**What you have to do:** Where an entry below contains an image, skip the image and copy the rest exactly.

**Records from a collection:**
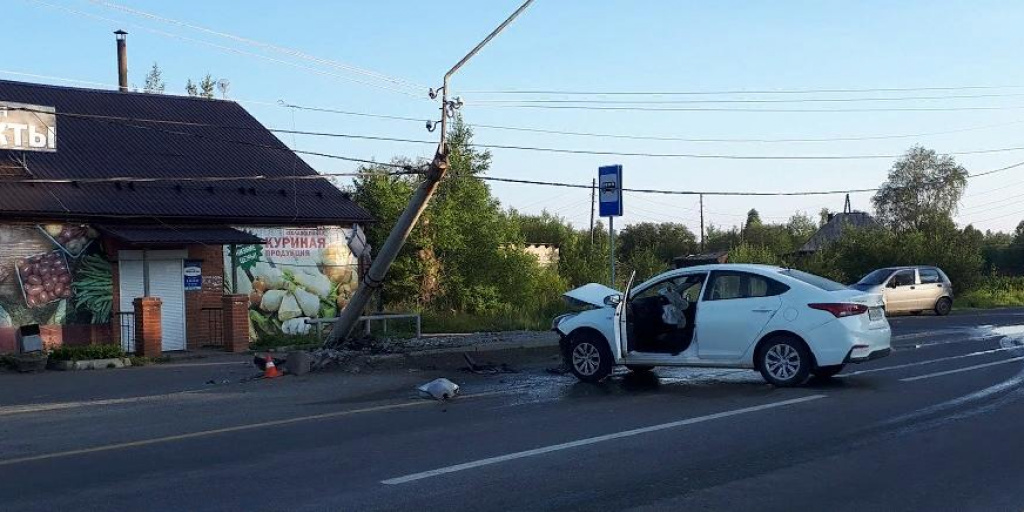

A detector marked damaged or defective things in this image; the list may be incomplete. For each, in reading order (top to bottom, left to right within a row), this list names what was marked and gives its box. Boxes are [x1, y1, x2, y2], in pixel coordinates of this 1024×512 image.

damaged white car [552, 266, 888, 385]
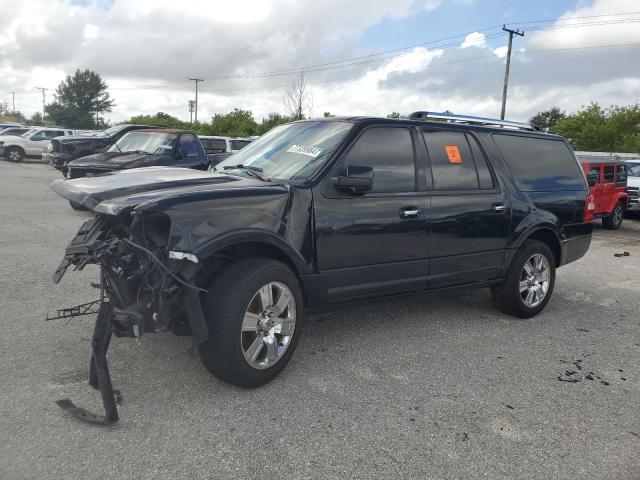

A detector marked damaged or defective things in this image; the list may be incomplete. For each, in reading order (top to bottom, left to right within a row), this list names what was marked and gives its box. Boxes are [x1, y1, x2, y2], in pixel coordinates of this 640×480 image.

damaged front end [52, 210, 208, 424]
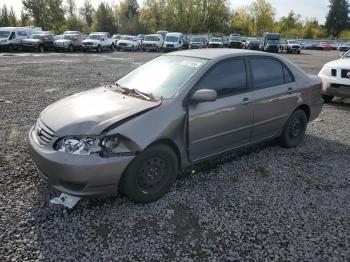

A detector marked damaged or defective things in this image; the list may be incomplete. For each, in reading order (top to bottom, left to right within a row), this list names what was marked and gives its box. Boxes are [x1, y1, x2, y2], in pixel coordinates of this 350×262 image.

**Reply:**
A detector marked damaged or defective things in this image; the list may be incomplete. For each, in reading order (top to bottom, left to right within a row), this list names what was marked and gives its box. Boxes are [x1, y1, x2, y2], in pixel coordinates of this 1024×512 image.

damaged white car [552, 266, 888, 385]

A detector marked damaged or defective things in this image; the list may be incomplete. For each, in reading order (top to bottom, left to right within a row), this list names what was marked and gives its box. Boxes are [x1, y1, x2, y2], in pixel coordinates of this 640×480 image.

damaged front end [52, 210, 208, 424]

A detector marked damaged or defective things in this image; the list may be incomplete. For each, in reading order (top to bottom, left to right within a row), this list names what was marked and gives its box. Boxes are [x1, y1, x2, y2], in pixel coordinates of this 350×262 image.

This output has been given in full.